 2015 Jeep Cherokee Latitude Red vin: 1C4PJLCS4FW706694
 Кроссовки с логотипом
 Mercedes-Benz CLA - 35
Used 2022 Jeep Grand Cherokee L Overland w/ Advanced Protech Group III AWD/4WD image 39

##########

◆ **Exercise prompt**: For the data shown above, give the number of lines where the word "Jeep" appears, and nothing else.

◆ **Response below**: 2